**PROBLEM STATEMENT**
Beginning with the line that holds "2025 2 IN 1", copy each line exactly through the end of the entries, but leave the pictures out.

**TASK INPUT**

☆ ☆ ☆ ☆ ☆

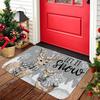 1Pcs Anti Fatigue Kitchen Rugs Christmas Gray Elk Print Waterproof Non-Slip Thick Cushioned Kitchen Mat Heavy Duty Comfort Standing Mat for Kitchen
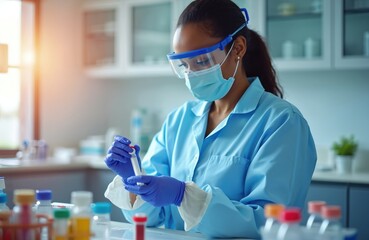 African woman scientist works in lab with covid test tube. Female researcher wears blue coat face mask goggles gloves. Analyzing sample in medical facility.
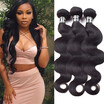 7A Brazilian Virgin Hair 3 Bundles Body Wave Hair Weave Extensions Unprocessed Human Hair Piece Soft&Bouncy 1B Color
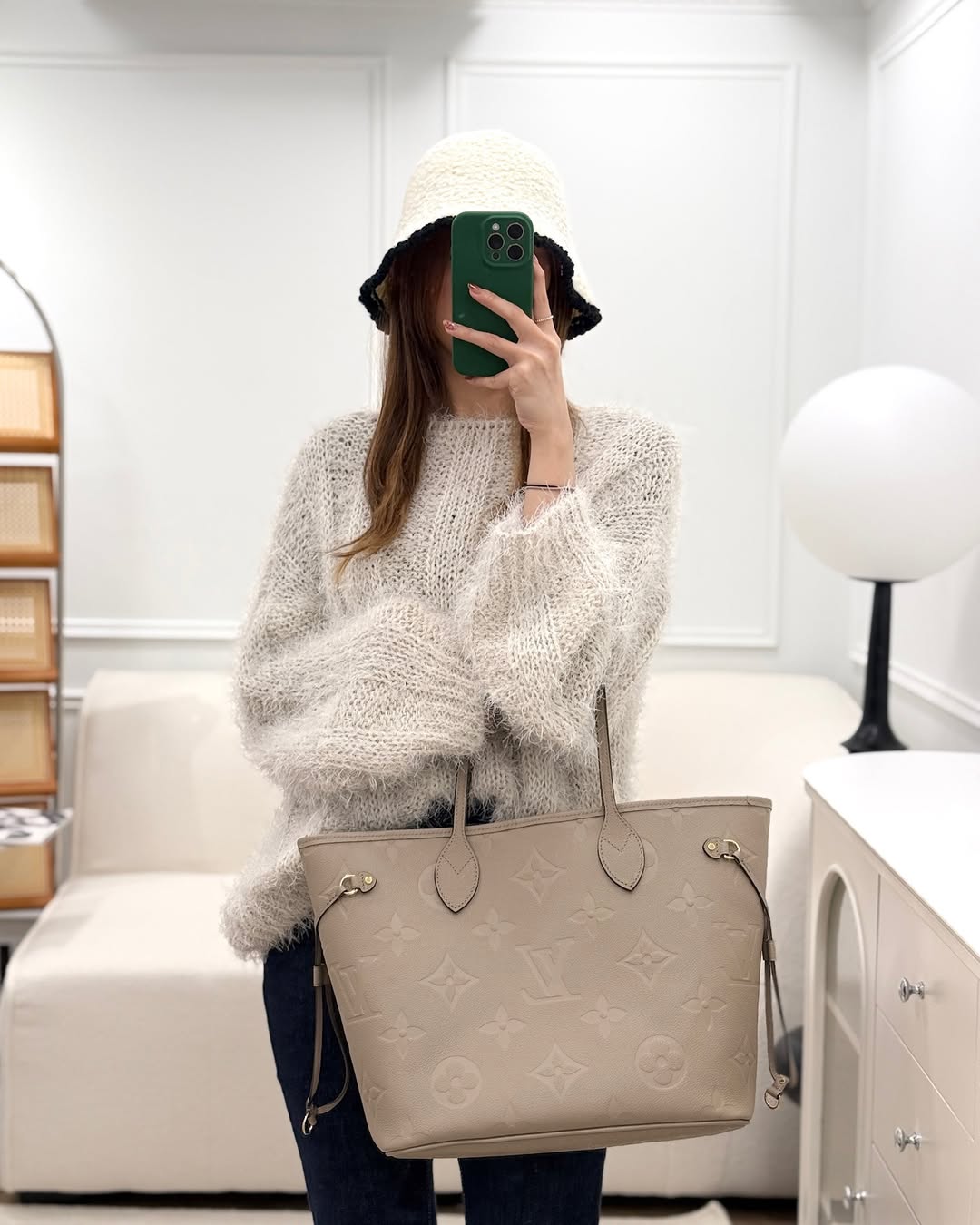 Louis Vuitton Neverfull MM Monogram Empreinte Leather Tourterelle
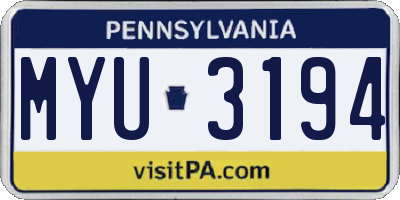 PA license plate MYU3194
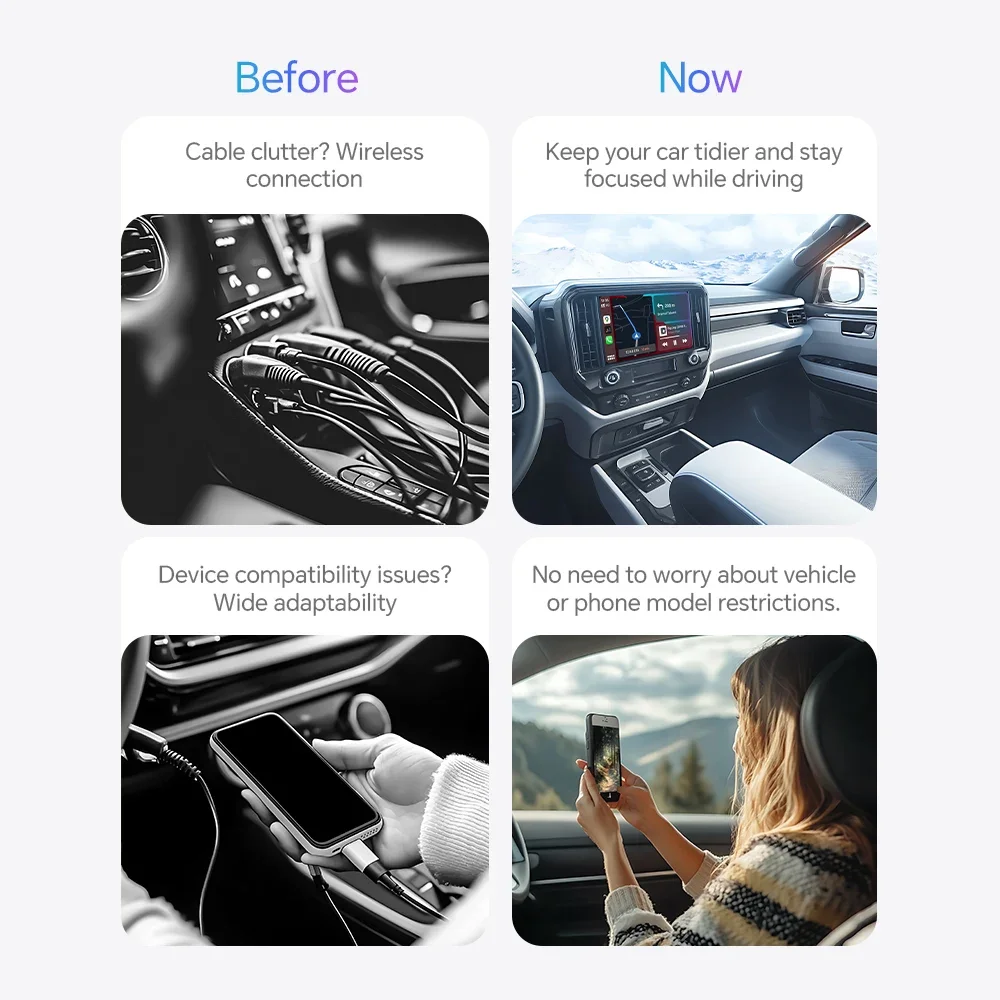 2025 2 IN 1 Wireless CarPlay Adapter and Android Auto Smart USB Adapter Plug and Play for Mazda Haval Kia Volvo Audi VW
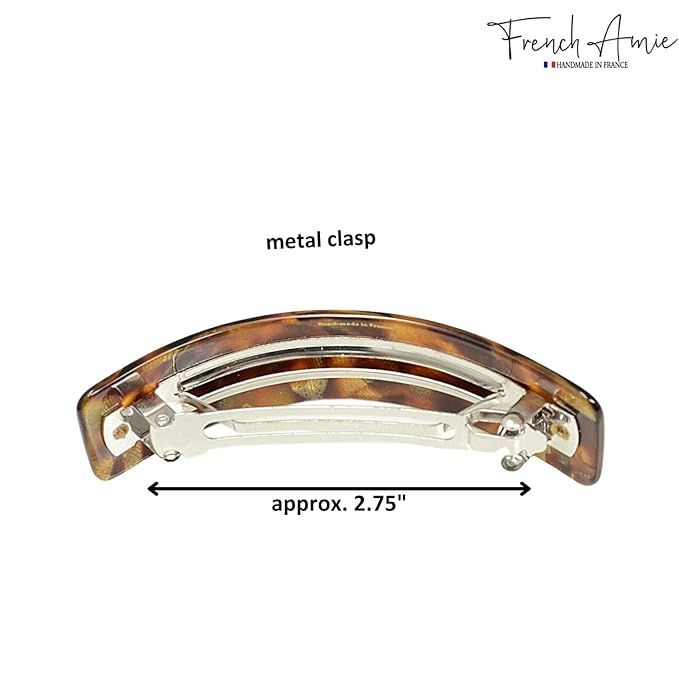 French Amie Curved Amber Brown Large Handmade Strong Grip Celluloid Automatic Hair Clip Barrette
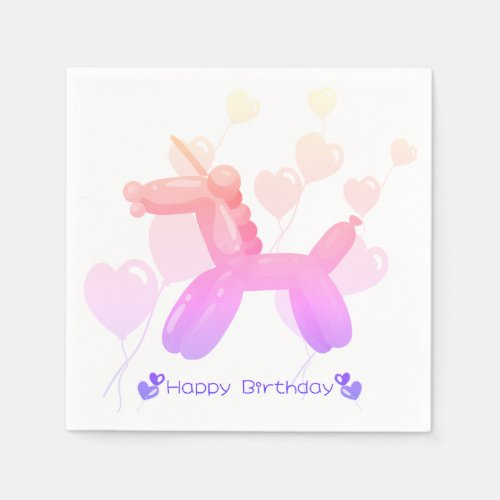 Plato De Papel Happy Birthday Unicorn in pastel g Napkins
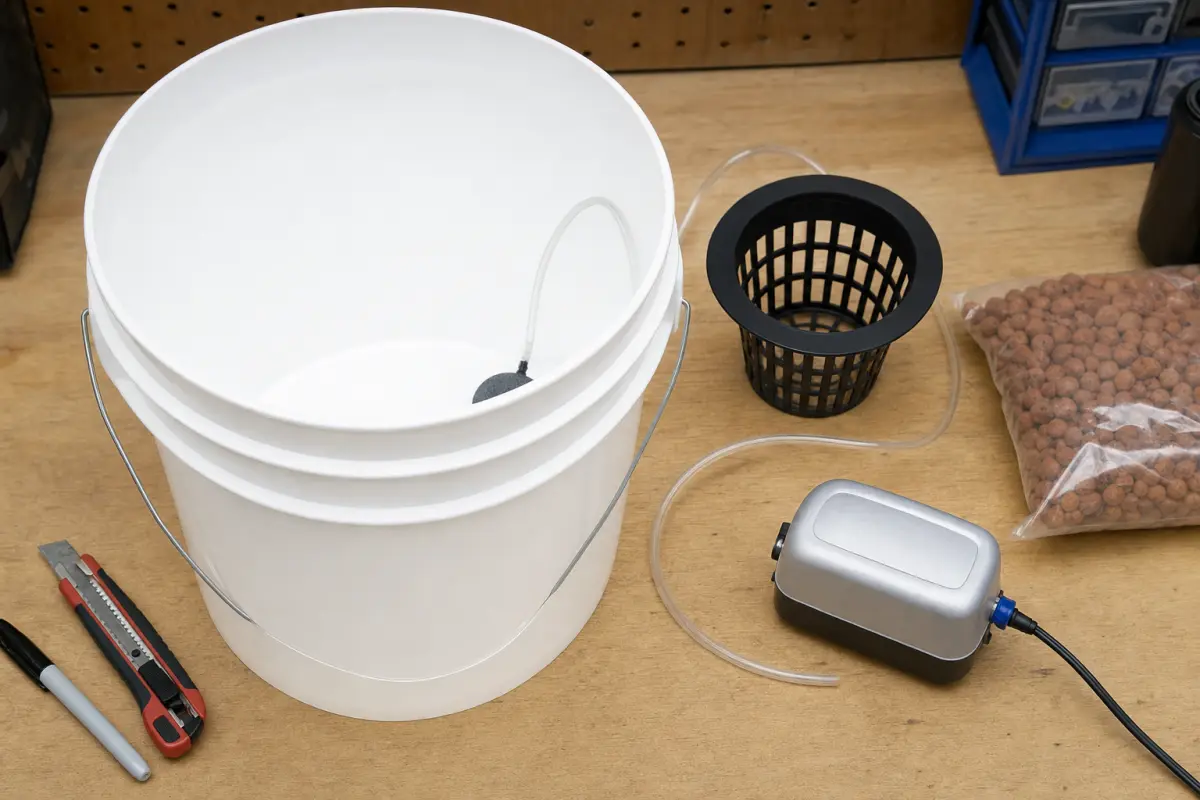DWC build components laid out on a workbench: a white 5-gallon bucket with air stone and airline tubing, a black net pot, an air pump, a bag of clay pebbles, a utility knife, and a marker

☆ ☆ ☆ ☆ ☆

**WRITTEN SOLUTION**
 2025 2 IN 1 Wireless CarPlay Adapter and Android Auto Smart USB Adapter Plug and Play for Mazda Haval Kia Volvo Audi VW
 French Amie Curved Amber Brown Large Handmade Strong Grip Celluloid Automatic Hair Clip Barrette
 Plato De Papel Happy Birthday Unicorn in pastel g Napkins
DWC build components laid out on a workbench: a white 5-gallon bucket with air stone and airline tubing, a black net pot, an air pump, a bag of clay pebbles, a utility knife, and a marker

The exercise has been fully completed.